## EXERCISE INPUT
----
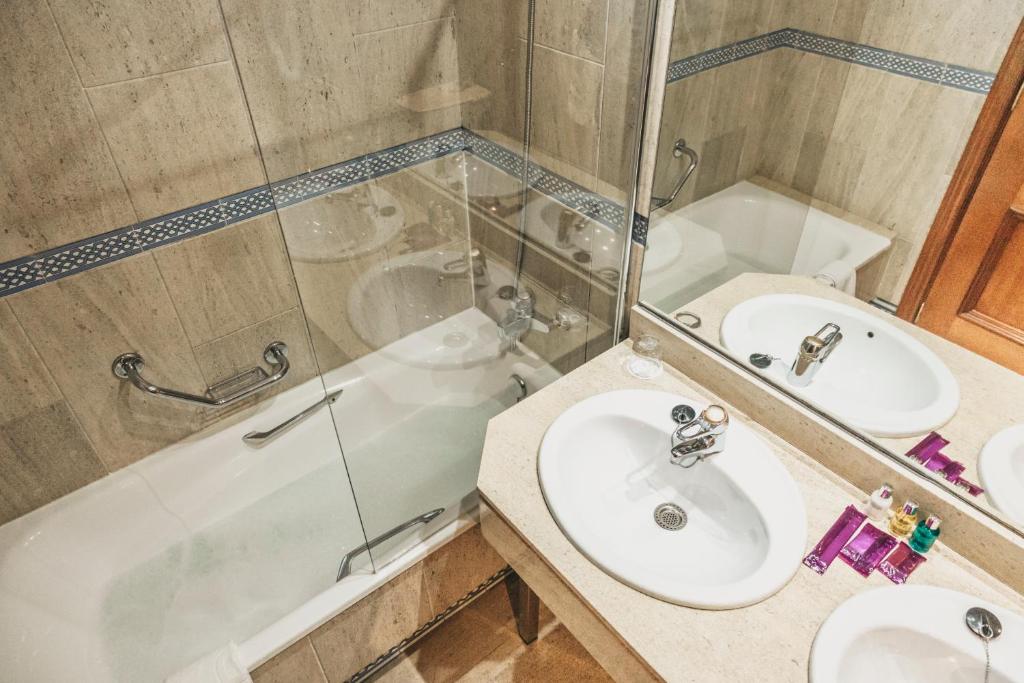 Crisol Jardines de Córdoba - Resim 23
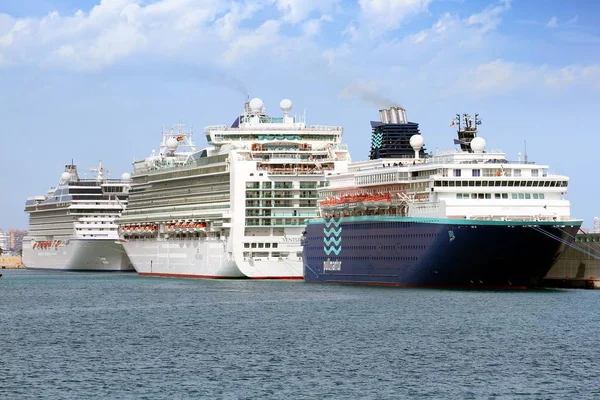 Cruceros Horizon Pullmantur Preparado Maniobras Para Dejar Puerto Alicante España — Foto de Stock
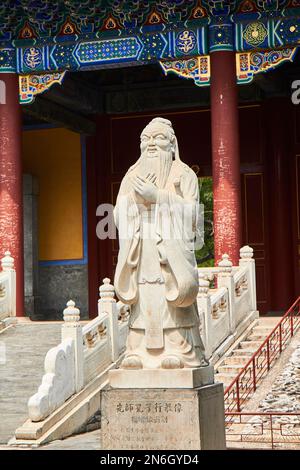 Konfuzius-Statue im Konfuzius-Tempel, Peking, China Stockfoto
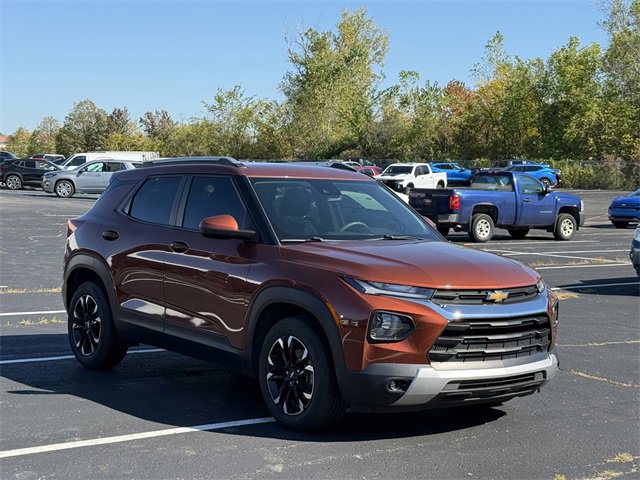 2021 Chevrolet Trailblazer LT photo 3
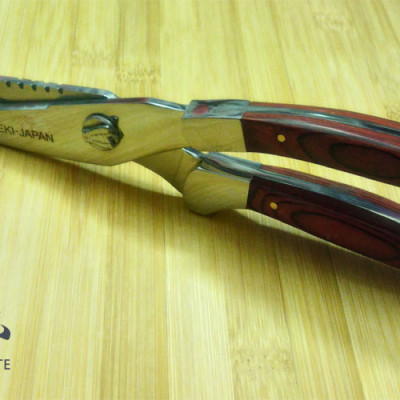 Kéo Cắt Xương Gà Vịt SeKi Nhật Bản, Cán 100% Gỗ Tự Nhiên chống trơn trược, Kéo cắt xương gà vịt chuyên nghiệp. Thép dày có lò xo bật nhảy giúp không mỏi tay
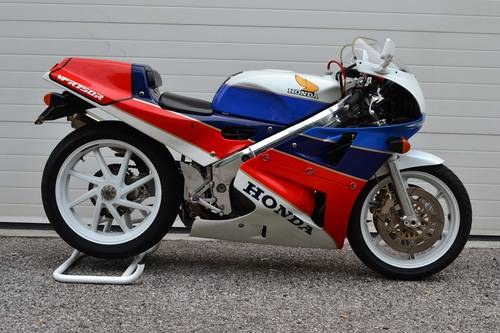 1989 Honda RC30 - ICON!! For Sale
----
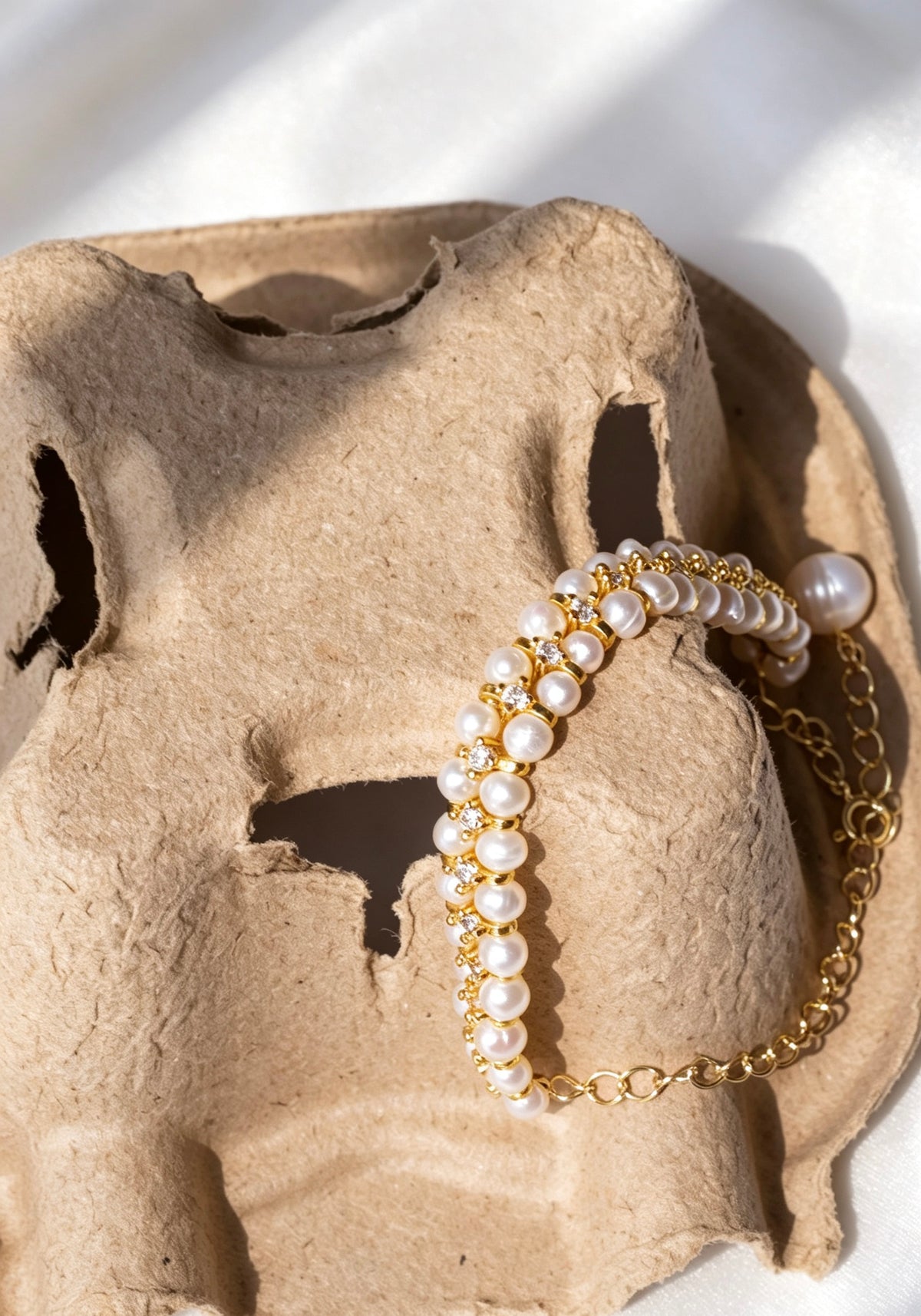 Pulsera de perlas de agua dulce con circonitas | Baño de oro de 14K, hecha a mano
----
## WORK TASK
Working from the entries above, reproduce exactly and only the lines beginning with the line that has "Crisol Jardines de Córdoba - Resim 23" and ending with the line that has "1989 Honda RC30 - ICON!! For Sale"; omit all pictures.

## RESPONSE BOX
 Crisol Jardines de Córdoba - Resim 23
 Cruceros Horizon Pullmantur Preparado Maniobras Para Dejar Puerto Alicante España — Foto de Stock
 Konfuzius-Statue im Konfuzius-Tempel, Peking, China Stockfoto
 2021 Chevrolet Trailblazer LT photo 3
 Kéo Cắt Xương Gà Vịt SeKi Nhật Bản, Cán 100% Gỗ Tự Nhiên chống trơn trược, Kéo cắt xương gà vịt chuyên nghiệp. Thép dày có lò xo bật nhảy giúp không mỏi tay
 1989 Honda RC30 - ICON!! For Sale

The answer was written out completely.